Powers of Attorney: Three technical tips
Many clients concerned about their future mental or physical health look to pre-empt challenges by granting a Power of Attorney to a trusted friend or family member. For others there are simply practical reasons as to why it might be helpful to have another person who can act on their behalf.
While Powers of Attorney are designed to make our lives easier, they are not without stumbling blocks. Whether the client already has one in place or not, here are three things to bear in mind.
Does the client still have mental capacity?
Firstly, in order to grant any kind of Power of Attorney, the client must have mental capacity.
Lasting Powers of Attorney (LPA) have to be registered with the Office of the Public Guardian (OPG) at the outset, so if a client has an LPA it will remain valid even if they lose capacity at a later date.
However, if they have an Ordinary Power of Attorney (OPA) or the older style Enduring Power of Attorney (EPA), it’s important to be aware that these cease to be valid if the client later loses capacity.
To get around this, an attorney can register an EPA with the Office of the Public Guardian when they believe the client is losing or has lost capacity (but not before), and it will remain valid thereafter. An OPA, however, cannot be registered at all.
It’s worth nothing that if the client no longer has mental capacity and there is no Power of Attorney in place, the only recourse may be to apply to the Court of Protection for a Deputy Order – a Deputy is essentially a court-appointed attorney – but this is an onerous and costly process.
Is the client a trustee?
This is useful to know as it’s often overlooked, but trustee powers cannot be delegated using a standard Power of Attorney.
While this is unlikely to be an issue for a lot of clients, it will affect all clients who are members of a SSAS and those who are members of a SIPP where they are also a co-trustee of their own SIPP arrangement.
Alternatively, you may be managing funds on behalf of a trust for which your client is a trustee, perhaps in the form of a bare trust, a will trust or a personal injury trust.
Either way, situations like this may require a specific Trustee Power of Attorney (TPA) as per section 25(6) of the Trustee Act 1925. A TPA lasts for twelve months and the legislation provides specific wording that you must use.

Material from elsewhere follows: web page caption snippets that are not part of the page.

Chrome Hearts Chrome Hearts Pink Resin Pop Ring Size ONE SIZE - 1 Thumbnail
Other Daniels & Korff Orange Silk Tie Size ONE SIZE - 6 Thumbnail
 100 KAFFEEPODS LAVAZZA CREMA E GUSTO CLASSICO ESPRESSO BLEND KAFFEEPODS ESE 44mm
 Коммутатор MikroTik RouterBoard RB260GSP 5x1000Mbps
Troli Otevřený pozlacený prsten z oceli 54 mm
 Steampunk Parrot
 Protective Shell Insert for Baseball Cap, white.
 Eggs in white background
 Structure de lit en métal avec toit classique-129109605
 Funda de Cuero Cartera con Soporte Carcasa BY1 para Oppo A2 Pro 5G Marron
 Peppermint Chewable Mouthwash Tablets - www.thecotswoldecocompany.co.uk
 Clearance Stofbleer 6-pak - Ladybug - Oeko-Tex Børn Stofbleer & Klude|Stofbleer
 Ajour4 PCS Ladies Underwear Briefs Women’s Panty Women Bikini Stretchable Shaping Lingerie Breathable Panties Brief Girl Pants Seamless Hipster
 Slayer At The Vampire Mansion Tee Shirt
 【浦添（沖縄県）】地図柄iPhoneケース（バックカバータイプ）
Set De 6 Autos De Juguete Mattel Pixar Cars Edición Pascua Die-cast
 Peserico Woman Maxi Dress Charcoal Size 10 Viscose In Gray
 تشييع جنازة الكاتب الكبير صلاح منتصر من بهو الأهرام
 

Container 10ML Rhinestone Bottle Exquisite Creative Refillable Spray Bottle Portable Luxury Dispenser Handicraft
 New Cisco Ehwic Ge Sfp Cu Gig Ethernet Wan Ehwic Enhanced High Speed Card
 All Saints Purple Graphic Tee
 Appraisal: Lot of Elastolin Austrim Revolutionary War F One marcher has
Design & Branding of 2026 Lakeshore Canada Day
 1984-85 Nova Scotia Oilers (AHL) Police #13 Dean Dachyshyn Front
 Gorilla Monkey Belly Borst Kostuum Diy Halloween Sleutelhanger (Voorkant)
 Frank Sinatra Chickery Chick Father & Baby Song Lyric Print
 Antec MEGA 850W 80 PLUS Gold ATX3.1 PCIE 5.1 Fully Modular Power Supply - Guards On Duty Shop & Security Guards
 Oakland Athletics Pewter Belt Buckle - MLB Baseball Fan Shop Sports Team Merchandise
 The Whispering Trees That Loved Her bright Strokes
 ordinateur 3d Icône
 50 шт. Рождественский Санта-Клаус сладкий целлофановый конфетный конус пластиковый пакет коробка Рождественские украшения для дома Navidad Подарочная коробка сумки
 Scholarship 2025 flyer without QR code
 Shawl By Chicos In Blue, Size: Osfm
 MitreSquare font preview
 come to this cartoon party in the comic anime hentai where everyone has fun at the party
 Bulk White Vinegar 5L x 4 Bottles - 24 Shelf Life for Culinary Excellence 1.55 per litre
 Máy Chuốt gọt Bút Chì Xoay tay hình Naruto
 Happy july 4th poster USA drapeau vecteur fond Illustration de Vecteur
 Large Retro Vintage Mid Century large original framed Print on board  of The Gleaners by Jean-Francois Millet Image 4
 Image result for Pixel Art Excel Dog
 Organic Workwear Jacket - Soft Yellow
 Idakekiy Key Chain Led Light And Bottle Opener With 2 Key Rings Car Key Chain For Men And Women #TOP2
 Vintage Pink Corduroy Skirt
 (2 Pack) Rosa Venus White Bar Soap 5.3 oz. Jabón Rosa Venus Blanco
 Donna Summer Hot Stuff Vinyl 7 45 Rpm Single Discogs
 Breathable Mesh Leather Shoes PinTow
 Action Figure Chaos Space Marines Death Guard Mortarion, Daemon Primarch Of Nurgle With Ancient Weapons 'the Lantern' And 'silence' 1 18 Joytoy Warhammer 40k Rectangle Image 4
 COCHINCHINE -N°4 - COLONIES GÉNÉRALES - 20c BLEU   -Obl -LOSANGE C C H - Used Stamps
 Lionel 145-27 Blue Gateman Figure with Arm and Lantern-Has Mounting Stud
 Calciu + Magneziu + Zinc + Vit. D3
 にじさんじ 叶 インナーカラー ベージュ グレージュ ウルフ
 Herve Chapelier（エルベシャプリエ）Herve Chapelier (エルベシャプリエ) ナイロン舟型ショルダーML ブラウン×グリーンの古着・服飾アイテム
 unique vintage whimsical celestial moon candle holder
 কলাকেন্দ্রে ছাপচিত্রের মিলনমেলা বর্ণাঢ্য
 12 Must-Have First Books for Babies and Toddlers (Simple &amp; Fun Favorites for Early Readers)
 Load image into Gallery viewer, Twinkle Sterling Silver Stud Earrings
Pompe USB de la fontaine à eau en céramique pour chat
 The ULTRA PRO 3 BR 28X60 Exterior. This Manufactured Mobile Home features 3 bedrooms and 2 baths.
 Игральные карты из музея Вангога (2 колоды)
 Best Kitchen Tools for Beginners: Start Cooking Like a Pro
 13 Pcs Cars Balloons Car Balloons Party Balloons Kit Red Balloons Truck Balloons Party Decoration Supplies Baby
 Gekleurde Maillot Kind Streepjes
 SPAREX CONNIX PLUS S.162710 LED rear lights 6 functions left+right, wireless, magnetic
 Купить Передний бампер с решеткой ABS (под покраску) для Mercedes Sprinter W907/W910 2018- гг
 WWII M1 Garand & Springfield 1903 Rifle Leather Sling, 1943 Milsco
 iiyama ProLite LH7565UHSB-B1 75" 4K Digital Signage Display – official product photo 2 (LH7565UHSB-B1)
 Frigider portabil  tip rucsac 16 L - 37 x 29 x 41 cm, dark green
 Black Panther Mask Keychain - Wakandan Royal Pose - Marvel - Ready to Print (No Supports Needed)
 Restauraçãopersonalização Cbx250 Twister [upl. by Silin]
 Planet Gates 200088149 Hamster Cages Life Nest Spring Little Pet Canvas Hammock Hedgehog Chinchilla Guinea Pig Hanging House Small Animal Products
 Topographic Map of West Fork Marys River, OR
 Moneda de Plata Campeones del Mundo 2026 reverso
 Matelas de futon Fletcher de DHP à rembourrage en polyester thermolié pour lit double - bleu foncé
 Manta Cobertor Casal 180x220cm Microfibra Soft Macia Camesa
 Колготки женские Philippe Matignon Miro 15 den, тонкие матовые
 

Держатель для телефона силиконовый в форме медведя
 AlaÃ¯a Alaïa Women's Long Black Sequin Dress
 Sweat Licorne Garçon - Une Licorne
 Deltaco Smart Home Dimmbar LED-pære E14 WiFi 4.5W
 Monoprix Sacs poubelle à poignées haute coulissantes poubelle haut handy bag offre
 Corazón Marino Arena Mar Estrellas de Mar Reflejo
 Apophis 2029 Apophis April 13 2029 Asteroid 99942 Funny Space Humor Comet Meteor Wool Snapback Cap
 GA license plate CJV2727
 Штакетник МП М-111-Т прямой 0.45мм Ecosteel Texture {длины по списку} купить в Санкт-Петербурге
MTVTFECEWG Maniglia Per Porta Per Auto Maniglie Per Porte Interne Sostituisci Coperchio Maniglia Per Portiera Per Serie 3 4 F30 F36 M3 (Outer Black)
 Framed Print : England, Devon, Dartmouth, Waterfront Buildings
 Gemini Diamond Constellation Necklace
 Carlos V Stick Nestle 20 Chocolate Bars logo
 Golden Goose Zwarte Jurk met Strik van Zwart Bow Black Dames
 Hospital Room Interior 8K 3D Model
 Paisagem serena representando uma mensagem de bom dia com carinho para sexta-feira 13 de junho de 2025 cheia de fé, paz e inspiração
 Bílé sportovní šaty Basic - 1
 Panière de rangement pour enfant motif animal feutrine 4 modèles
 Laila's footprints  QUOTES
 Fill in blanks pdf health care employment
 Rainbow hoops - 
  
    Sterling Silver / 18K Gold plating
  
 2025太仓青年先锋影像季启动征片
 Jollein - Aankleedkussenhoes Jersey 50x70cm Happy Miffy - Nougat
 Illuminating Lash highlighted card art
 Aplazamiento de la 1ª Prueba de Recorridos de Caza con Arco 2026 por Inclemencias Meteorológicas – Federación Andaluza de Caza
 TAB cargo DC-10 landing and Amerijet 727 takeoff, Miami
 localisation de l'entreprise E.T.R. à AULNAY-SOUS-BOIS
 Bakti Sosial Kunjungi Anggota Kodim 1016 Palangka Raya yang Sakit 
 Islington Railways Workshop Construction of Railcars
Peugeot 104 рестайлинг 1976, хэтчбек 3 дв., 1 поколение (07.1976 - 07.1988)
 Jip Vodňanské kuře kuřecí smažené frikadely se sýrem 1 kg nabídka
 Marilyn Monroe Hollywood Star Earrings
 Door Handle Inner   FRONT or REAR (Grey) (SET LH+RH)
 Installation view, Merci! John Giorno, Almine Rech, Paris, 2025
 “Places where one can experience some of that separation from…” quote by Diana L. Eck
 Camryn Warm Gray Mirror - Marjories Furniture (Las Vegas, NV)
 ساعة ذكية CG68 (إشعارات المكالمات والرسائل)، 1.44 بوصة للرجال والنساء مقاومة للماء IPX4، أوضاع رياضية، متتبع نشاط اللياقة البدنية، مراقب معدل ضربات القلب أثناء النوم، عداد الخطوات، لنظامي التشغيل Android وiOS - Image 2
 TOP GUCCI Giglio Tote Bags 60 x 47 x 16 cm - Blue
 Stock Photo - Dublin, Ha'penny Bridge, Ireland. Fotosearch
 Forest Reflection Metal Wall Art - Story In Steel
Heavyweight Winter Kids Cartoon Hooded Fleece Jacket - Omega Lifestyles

To illustrate the problems this can cause, one trustee scenario we saw involved a SIPP client who was a professional sportsman. He was overseas for lengthy periods at a time and couldn’t sign documents. He had set up an OPA in favour of his adviser, but this didn’t cover trustee powers. The end result was that his adviser was unable to setup investments within the SIPP, meaning the client was out of the market for several months.
Has the copy been certified correctly?
Clients are understandably cautious about sending original documents in the post, so many advisers will be used to certifying copies of these documents for their clients.
With Powers of Attorney, however, there are specific rules about certified copies. These come from Section 3 of the Powers of Attorney Act 1971, and they state that a copy can only be certified as an original by a solicitor, a notary public, a stockbroker (i.e. not an adviser) or by the client themselves.
The person certifying it must include their full name, and every page of the copy must be signed, dated and contain wording that says it is a “true and complete copy of the corresponding page of the original”.
If a Power of Attorney isn’t certified correctly, it’s possible that a bank or provider won’t accept it, and this could lead to delays in setting up accounts while the attorney takes it to a suitably qualified person.
So all in all, while a Power of Attorney can be a really useful solution, there are potential pitfalls. As ever, getting it right first time could save a lot of time, cost and effort further down the line.